> [AIM OF THE TASK]:
Word for word, quote the lines from the one containing "suemonta14さんの実例写真" to the end of the entries below, including both. Leave pictures out.

═════ THE DATA

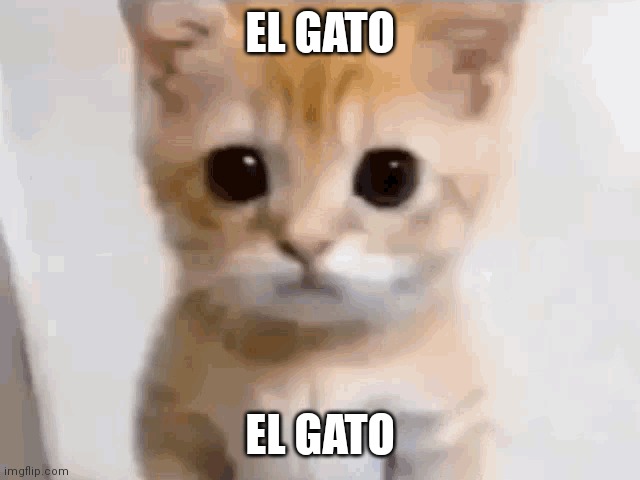 El gato |  EL GATO; EL GATO | image tagged in el gato,el gatto,ei gato,ei gatto,catterpillar | made w/ Imgflip meme maker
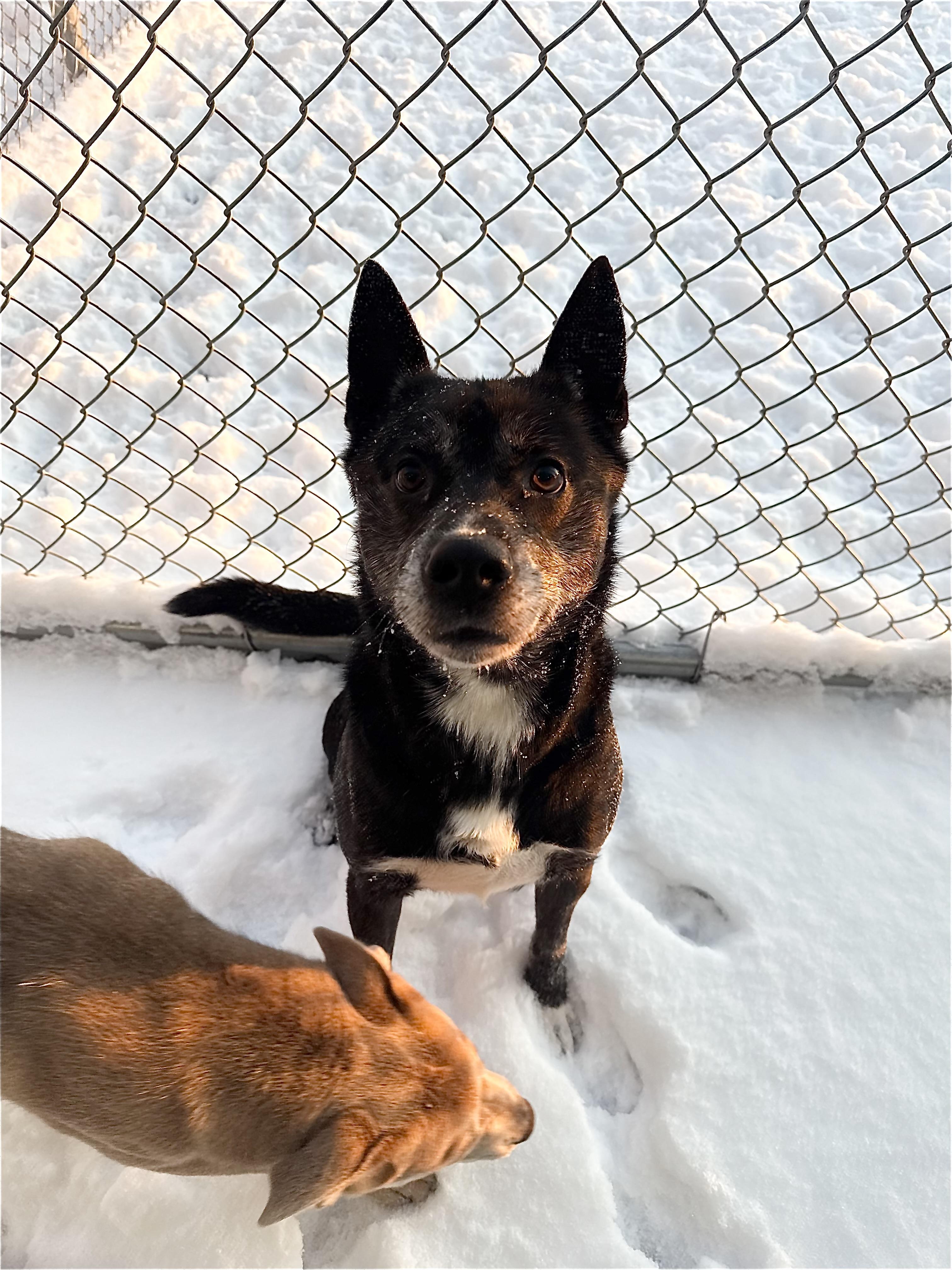 Brian, Adoptable, Adult Male Australian Cattle Dog / Blue Heeler & Husky.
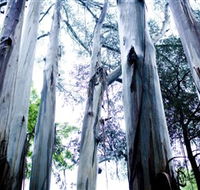 Dandenong Ranges National Park - Tourism Noosa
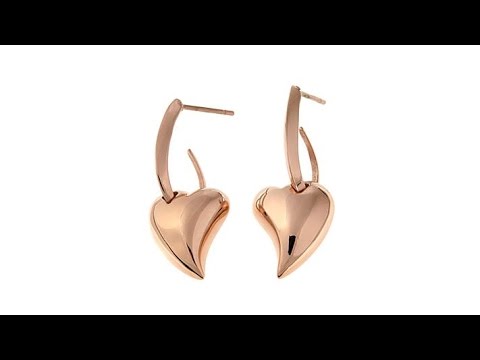Stately Steel Removable Heart Drop Earrings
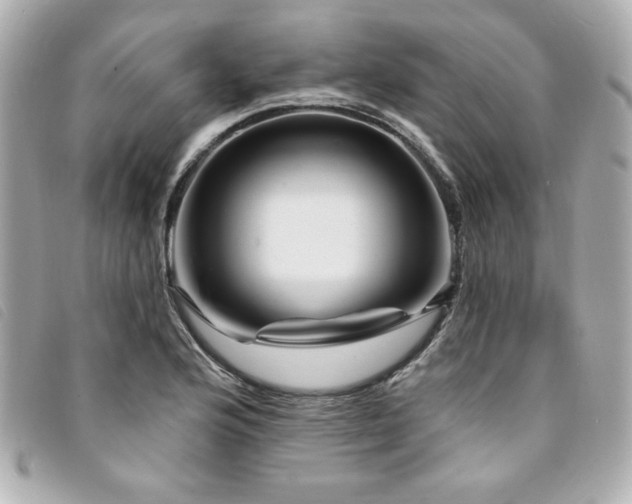 X0000094231176200710261250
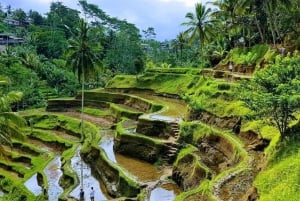 Ubud: Watervallen, Watertempel & Rijstterrassen privétour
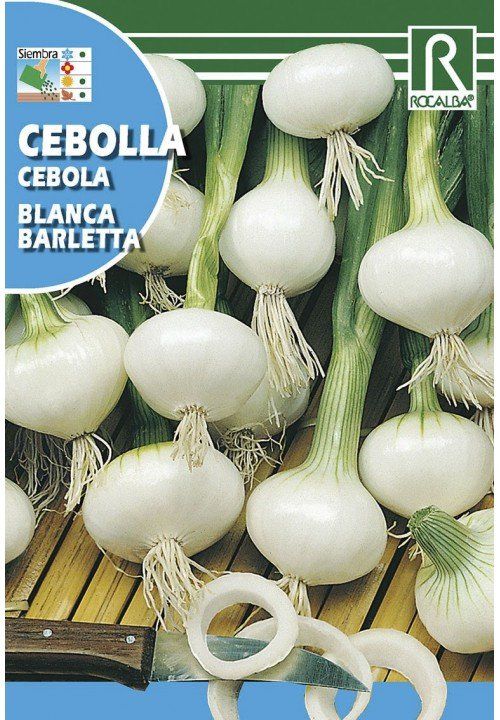 cebolla blanca barletta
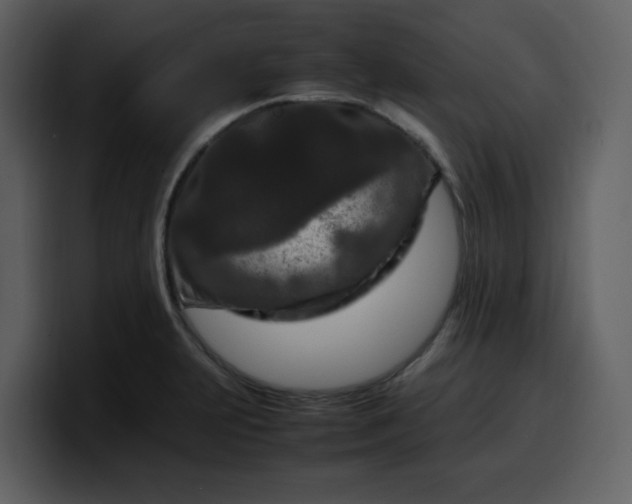 X0000100341231200806191017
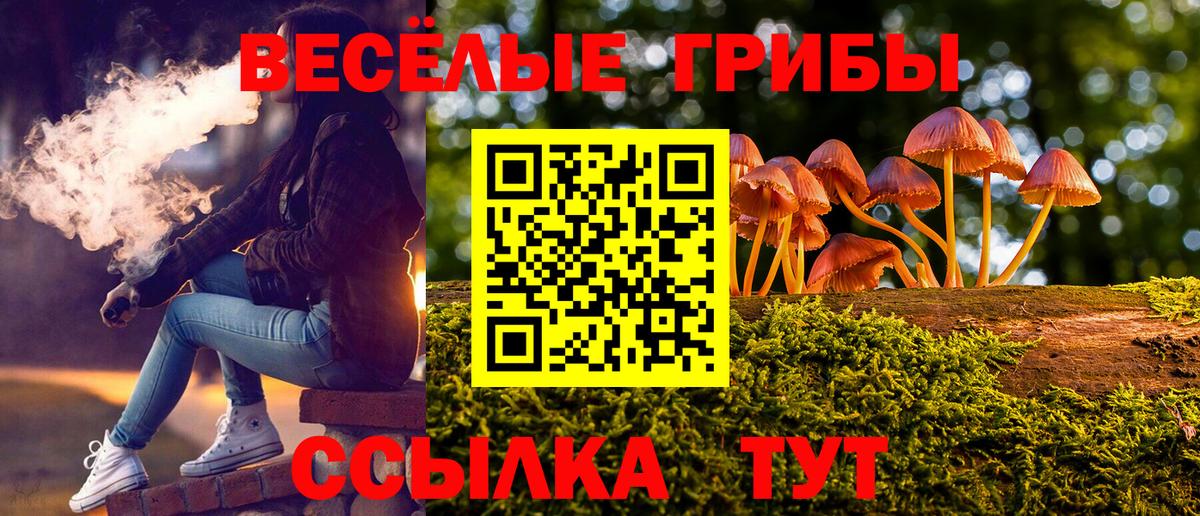 Галлюциногенные грибы Cubensis  Псилоцибиновые грибы GOLDEN TEACHER  Торжок  Вход с VPN 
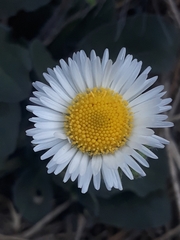 Bellis sylvestris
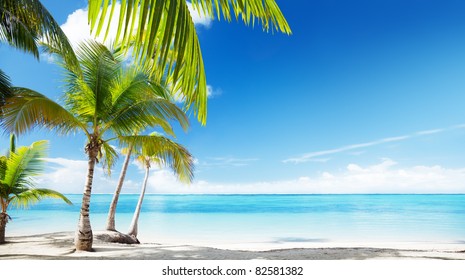 Tropical Paradise Hd Stock Images Shutterstock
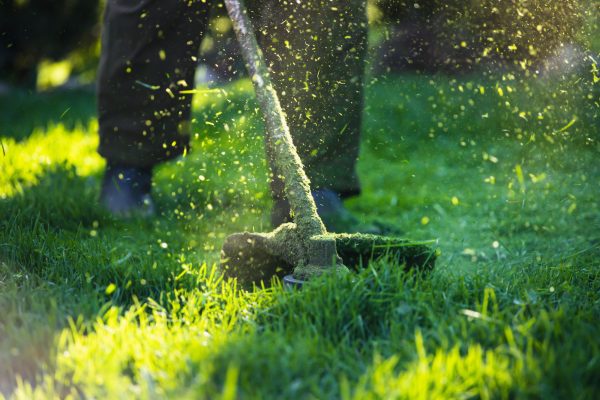 Lawn mover on green grass. Machine for cutting lawns.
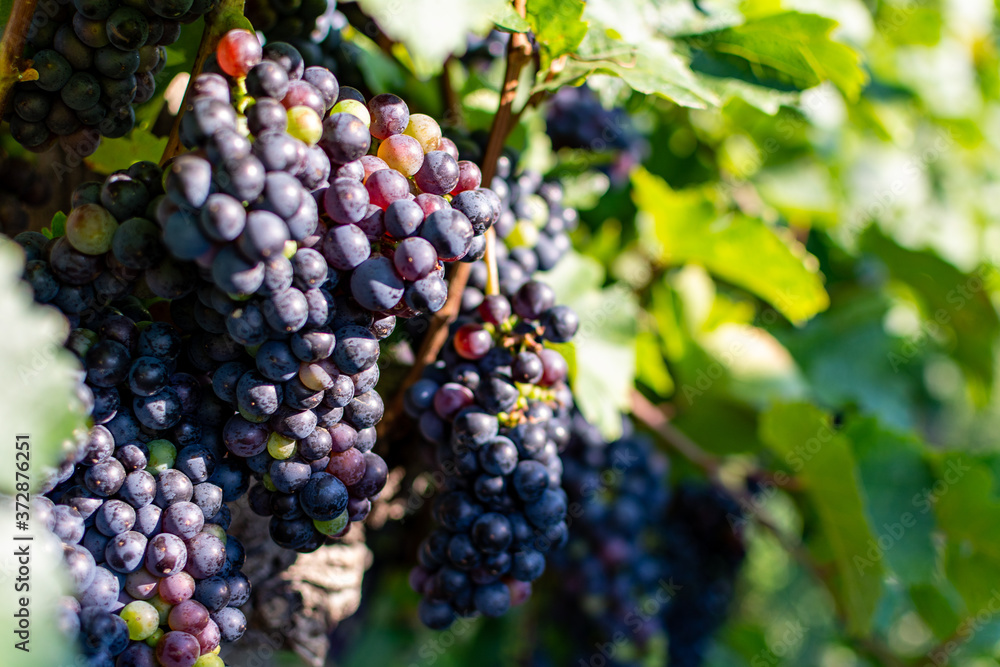 Close up of berries and leaves of grape-vine. A bunch of ripe red wine grapes hanging on a vine on green leaves background. Plantation of grape-bearing vines, grown for winemaking, vinification
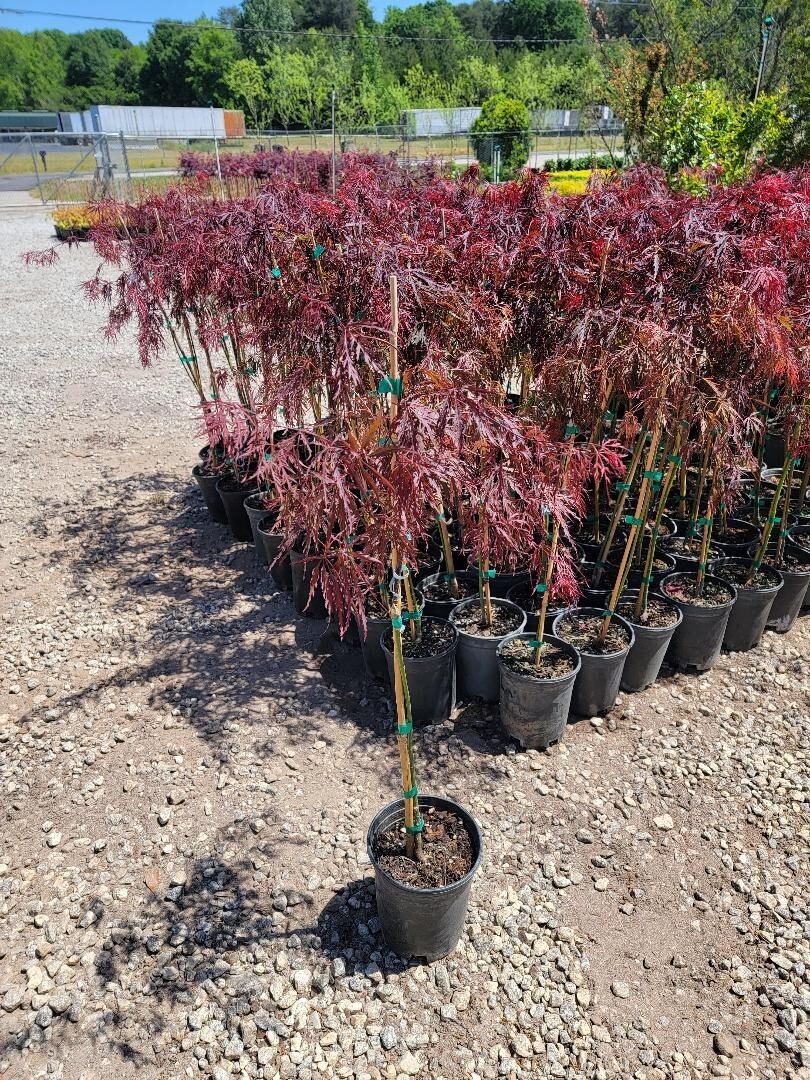 Crimson Queen Japanese Maple Tree – Live Plant – ( 2.5 QT )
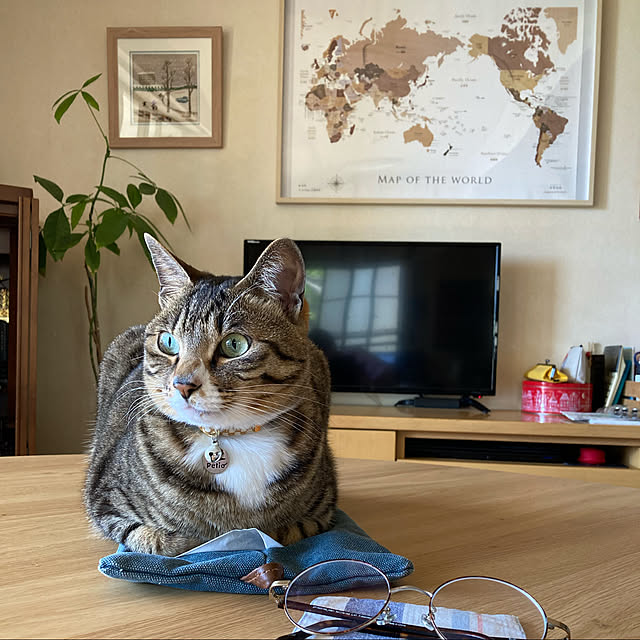 suemonta14さんの実例写真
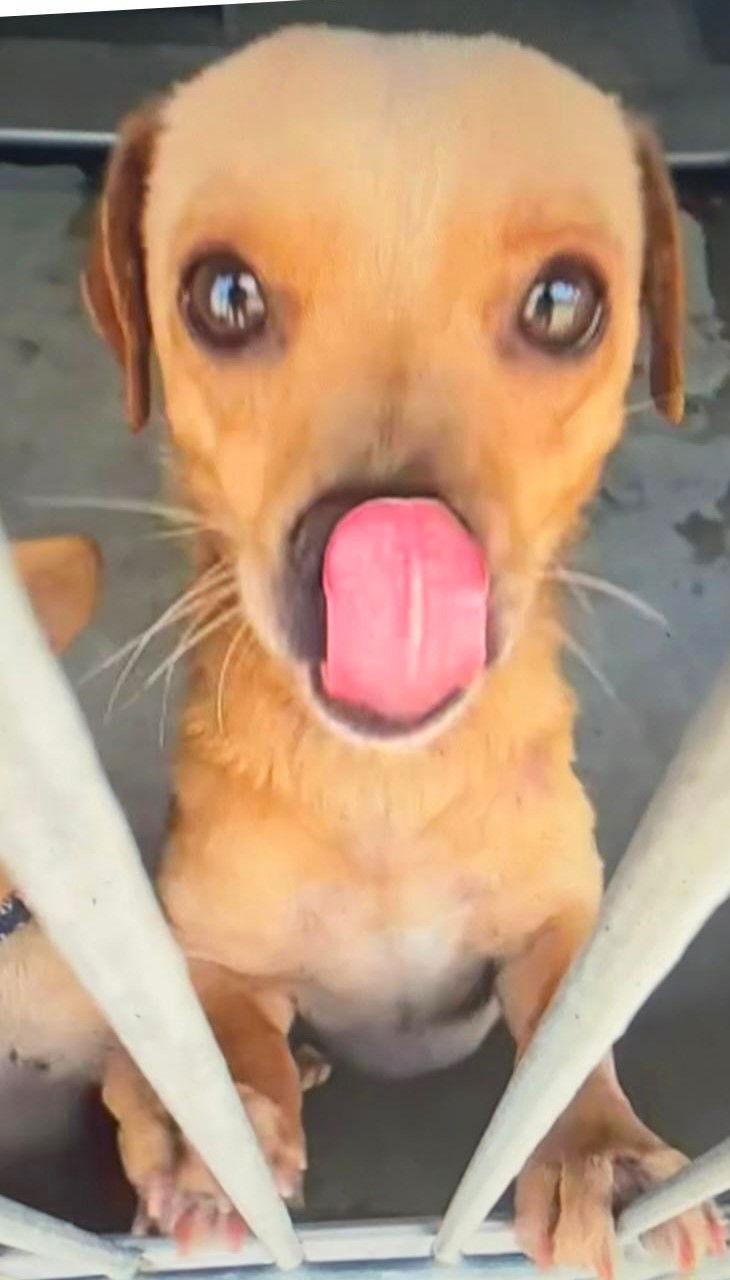 Wagner, a Adopted Chihuahua in Fallbrook, CA image 1/2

══════════

> [SOLUTION]:
 suemonta14さんの実例写真
 Wagner, a Adopted Chihuahua in Fallbrook, CA image 1/2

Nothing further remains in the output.